Your assignment: Using the listing below, copy exactly the lines from the one containing "Christian Dior Oblique Jacquard Navy Pouch" to the one containing "Louis Vuitton Damier", both lines included, and no others.

Records provided:
====
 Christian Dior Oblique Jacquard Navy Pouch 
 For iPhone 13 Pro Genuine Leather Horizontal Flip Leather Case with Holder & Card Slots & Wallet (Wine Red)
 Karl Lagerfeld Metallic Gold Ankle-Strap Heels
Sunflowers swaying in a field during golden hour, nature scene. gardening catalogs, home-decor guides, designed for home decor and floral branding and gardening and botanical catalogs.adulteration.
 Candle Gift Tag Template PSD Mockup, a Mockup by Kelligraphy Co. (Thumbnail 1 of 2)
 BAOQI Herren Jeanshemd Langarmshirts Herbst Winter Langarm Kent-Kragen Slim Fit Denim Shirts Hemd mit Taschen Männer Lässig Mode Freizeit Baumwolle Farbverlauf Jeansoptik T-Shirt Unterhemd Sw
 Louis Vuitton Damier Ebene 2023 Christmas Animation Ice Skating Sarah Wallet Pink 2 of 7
====
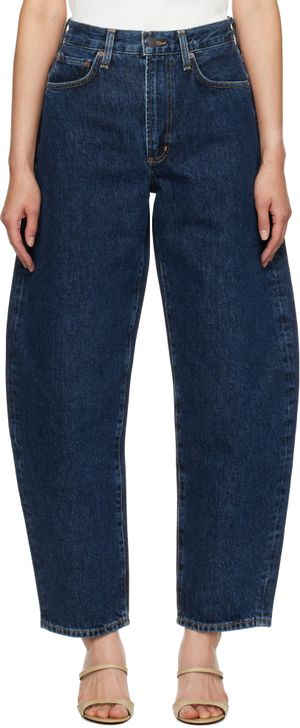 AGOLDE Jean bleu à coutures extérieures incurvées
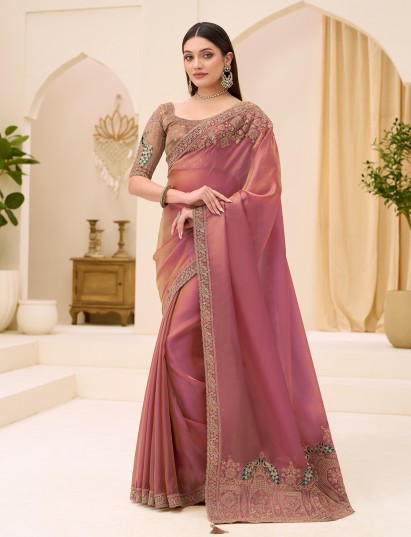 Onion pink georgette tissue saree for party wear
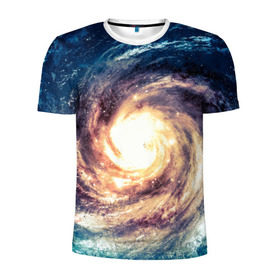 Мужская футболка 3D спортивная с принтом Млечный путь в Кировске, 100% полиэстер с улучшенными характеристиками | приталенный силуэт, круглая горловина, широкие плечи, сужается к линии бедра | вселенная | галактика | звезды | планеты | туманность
====
Written reply:
 Christian Dior Oblique Jacquard Navy Pouch 
 For iPhone 13 Pro Genuine Leather Horizontal Flip Leather Case with Holder & Card Slots & Wallet (Wine Red)
 Karl Lagerfeld Metallic Gold Ankle-Strap Heels
Sunflowers swaying in a field during golden hour, nature scene. gardening catalogs, home-decor guides, designed for home decor and floral branding and gardening and botanical catalogs.adulteration.
 Candle Gift Tag Template PSD Mockup, a Mockup by Kelligraphy Co. (Thumbnail 1 of 2)
 BAOQI Herren Jeanshemd Langarmshirts Herbst Winter Langarm Kent-Kragen Slim Fit Denim Shirts Hemd mit Taschen Männer Lässig Mode Freizeit Baumwolle Farbverlauf Jeansoptik T-Shirt Unterhemd Sw
 Louis Vuitton Damier Ebene 2023 Christmas Animation Ice Skating Sarah Wallet Pink 2 of 7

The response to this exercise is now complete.